From these observations came the MAD acronynm to describe the characteristics of this new platform (Magnetic, Agile, and Deep):
- Magnetic indicates that the platform attracts all kinds of data to it, rather than repelling data that doesn’t strictly conform to pre-conceived ideals
- Agile to represent the fact that data scientists use iterative, interactive processess for modeling, loading, and iterating on data, and
- Deep to reflect the statisticals models and algorithms being used.
MADlib is a library of analytic methods that can be installed and executed within a relational database engine that supports extensible SQL.
It is also an open source project with a website at MADlib.net. MADlib has continued to see healthy growth and development since the publication of this paper, with the 1.7 release coming out less than a month ago (Dec. 31st 2014).
In a first for The Morning Paper, you can even watch a video of Joe Hellerstein and Chris Ré explaining the background of the project and research:
One standard methodology in the domain of statistical analytics is called SEMMA, which stands for Sample, Explore, Modify, Model, Assess.
The ‘EMMA’ portion of this cycle identifies a set of fundamental tasks that an analyst needs to perform, but the first, “S” step makes less and less sense in many settings today…. Winning requires extracting advantages in the long tail of “special interests”.
While the Hadoop system has been evolving, we’ve also seen a resurgence of interest (and acknowledgement) of the important role that SQL has to play. “For these cases, it would be helpful to push statistical methods into the DBMS. And as we will see, massively parallel databases form a surprisingly useful platform for sophisticated analytics.”
Ideally, we would like MADlib methods to be written entirely in a straightforward and portable SQL. Unfortunately, the portable core of “vanilla” SQL is often not quite enough to express the kinds of algorithms needed for advanced analytics.

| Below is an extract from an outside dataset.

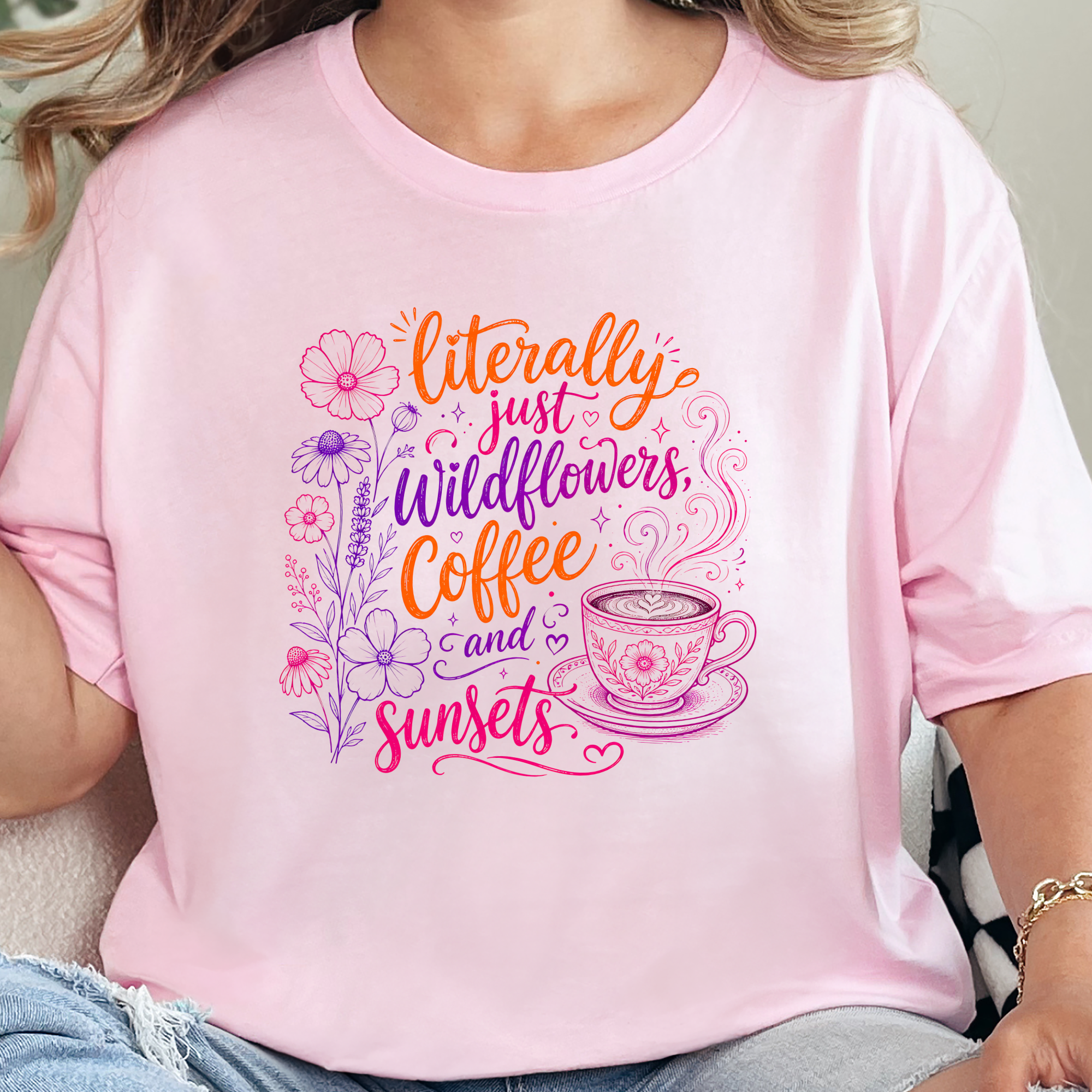 Wildflowers Coffee Sunsets Graphic Tee - Soft Pink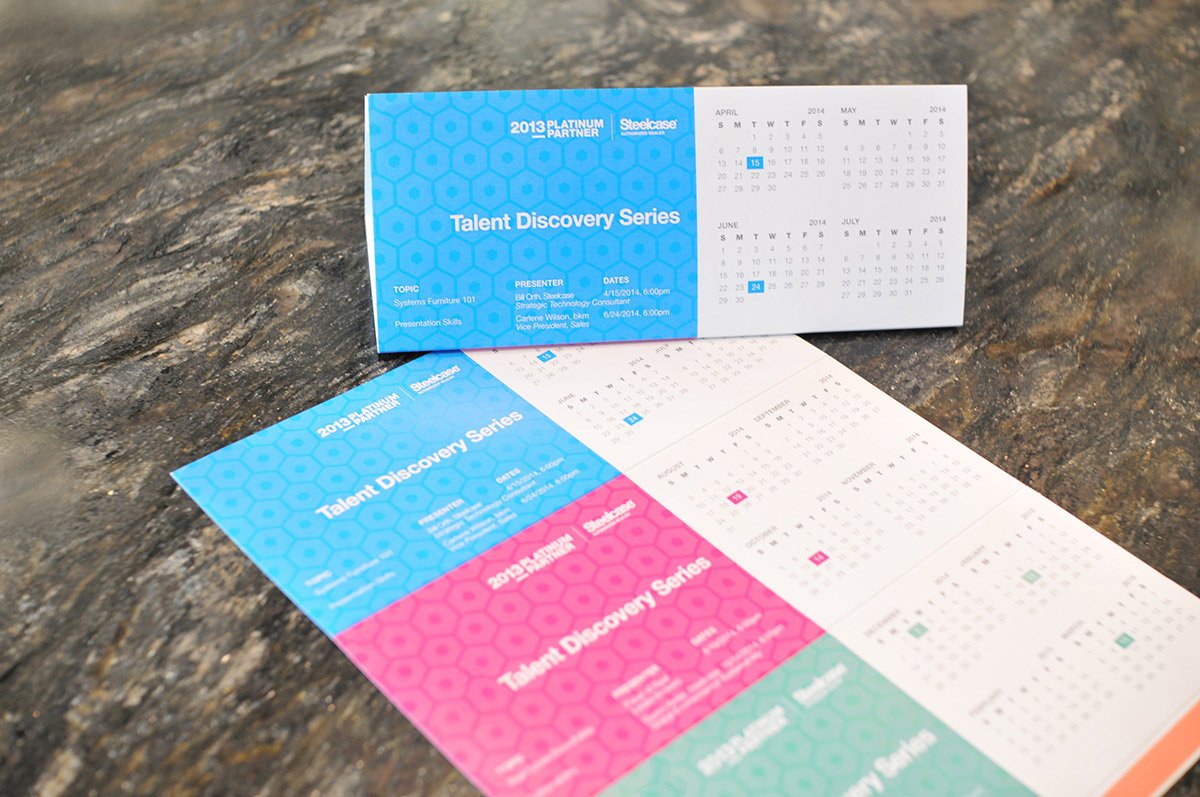 bkm Talent Discovery Series desktop calendar for the Steelcase dealer network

You need to be able to intelligently partition large matrices, and to quickly invoke well-tuned linear algebra methods. MADlib exploits user-defined aggregates (UDAs), user-defined functions (UDFs), and a sparse matrix C library to provide efficient representations on disk and in memory.
The most basic building block in the macro-programming of MADlib is the use of user-defined aggregates (UDAs). In general, aggregates—and the related window functions—are the natural way in SQL to implement mathematical functions that take as input the values of an arbitrary number of rows (tuples). DBMSs typically implement aggregates as data-parallel streaming algorithms. And there is a large body of recent work on online learning algorithms and model-averaging techniques that fit the computational model of aggregates well.
Many statistical methods are iterative – i.e. they make many passes over a data set. Several SQL workarounds are described (virtual tables, window aggregates, recursive queries) but none quite met the needs of MADlib. So a driver UDF was written in Python to control iteration in such a way that all large data movement is done within the database engine and its buffer pool.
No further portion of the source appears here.